İlginç olan Cerkesyayurtseverleri.com “AvrupaParlementosunda Çerkes Günü” ile ilgili henüz bir açıklama yapmamış, kendi düşüncelerini anlatmamış! Sitemizde yayınlanan bütün yazıların adresleri, yazıları yazanlar belli, biz sadece çevirip kamuoyuna aktarmışız; ama buna rağmen bu site hedef gösterilmeye çalışılıyor. Bu mantığı anlamak mümkün mü? Sayın Asker’in bizzat Federasyon Başkanı ile telefonla görüştüğünü ve bu etkinlikle yakından ilgilendiklerini bildikleri halde bizim bu haberleri onlara ilettiğimiz yalanını yaymaları da cabası...
Yani “Kuzeyli Arkadaş”, elbetteki siyasi olarak birbirlerine yakın düşünenler birbirlerini kollarlar, dirsek temasında olurlar; ama bunun da bir sınırı var. Eğer ahlaki sınırlar aşılıyorsa, burada tavır almak gerekir. Ve inan bu bizden çok sizin için önemli. Çünkü biz değil, siz kirleniyorsunuz!
Benim “Kutsal İttifak” dediğim de işte böyle geniş bir yelpaze... Ve sanırım bizim “ortak akıl”dan önce bir “ortak ahlak”a ihtiyacımız var.
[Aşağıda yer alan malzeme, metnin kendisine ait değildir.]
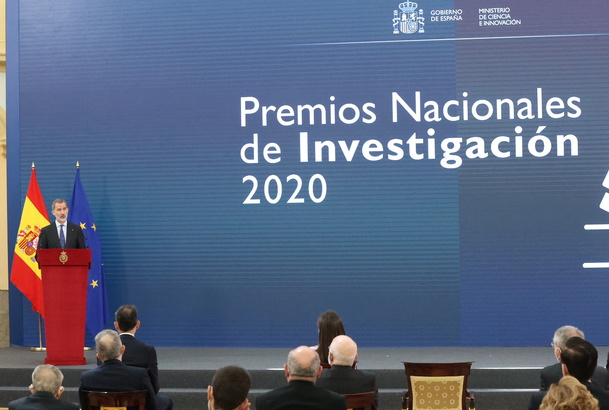 Palabras de Su Majestad el Rey en los Premios Nacionales de Investigación 2020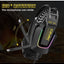 X13 RGB Stereo Sound Gaming Headset Stereo Sound Gaming Headset 120 degree swivel noise Reduction Mic, Cool RGB Light , 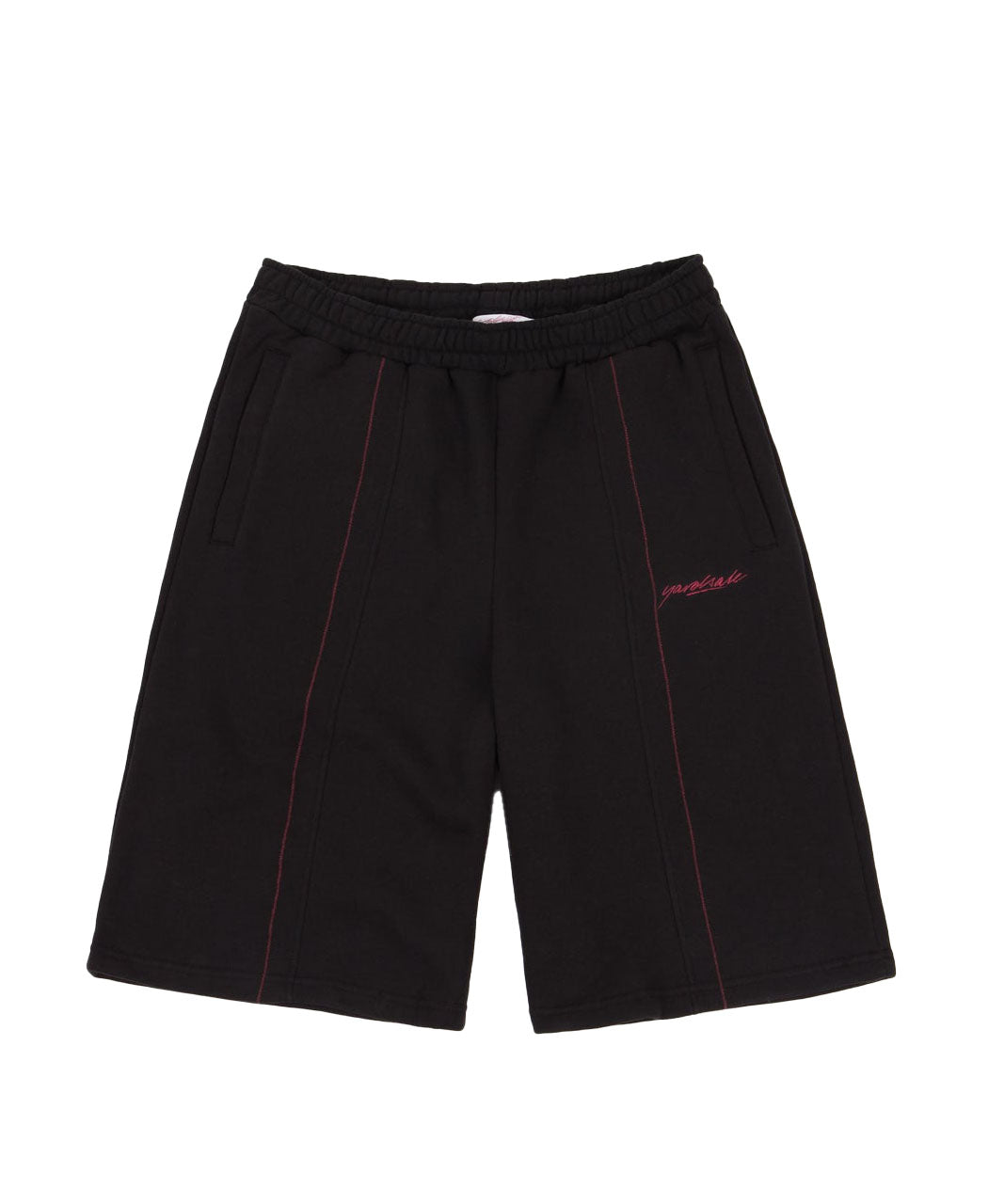 Yardsale Tijuana Sweat Shorts Negro/Rojo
Bunu başarabilirsek gerisi gelir!
Nasıl ki 21 Mayıs 2010’da bize ne kadar baskı yapılmaya çalışılmışsa da, biz sizleri “düşman”, “uşak”, “bilmem kimin şeyi” vs gibi değil; “Çerkes Siyasetleri” olarak görmüş, birlikte olmaktan rahatsızlık duymamışsak; gelecekte de gerekli olan her yerde ve her platformda yine birlikte olmak ve omuz omuza mücadele etmek isteyeceğimizden kuşkunuz olmasın... Hatta son süreçteki olumsuzluklarınızı unutmaya hazır olduğumuzdan da!
Çünkü halkımızın çıkarınaysa eğer, bizim ezemeyeceğimiz hiçbir gururumuz; unutamayacağımız hiçbir yanlış ve vazgeçemeyeceğimiz hiçbir alışkanlığımız veya arkadaşlığımız... yoktur, olmayacaktır!
Daha ahlaklı ilişkilerle önümüze bakabilme dileğiyle...
(*) Nihal Atsız oğluna yazdığı ve “Türk’ün Türk’ten başka dostu yoktur” diye bitirdiği vasiyeti ile ünlüdür. Bizim bu yönde tek bir satırımızı dahi gösteremezse, bu yazının yazarının ahlakından... şüphe etmek hakkımdır. Darısı da dostlarının başına?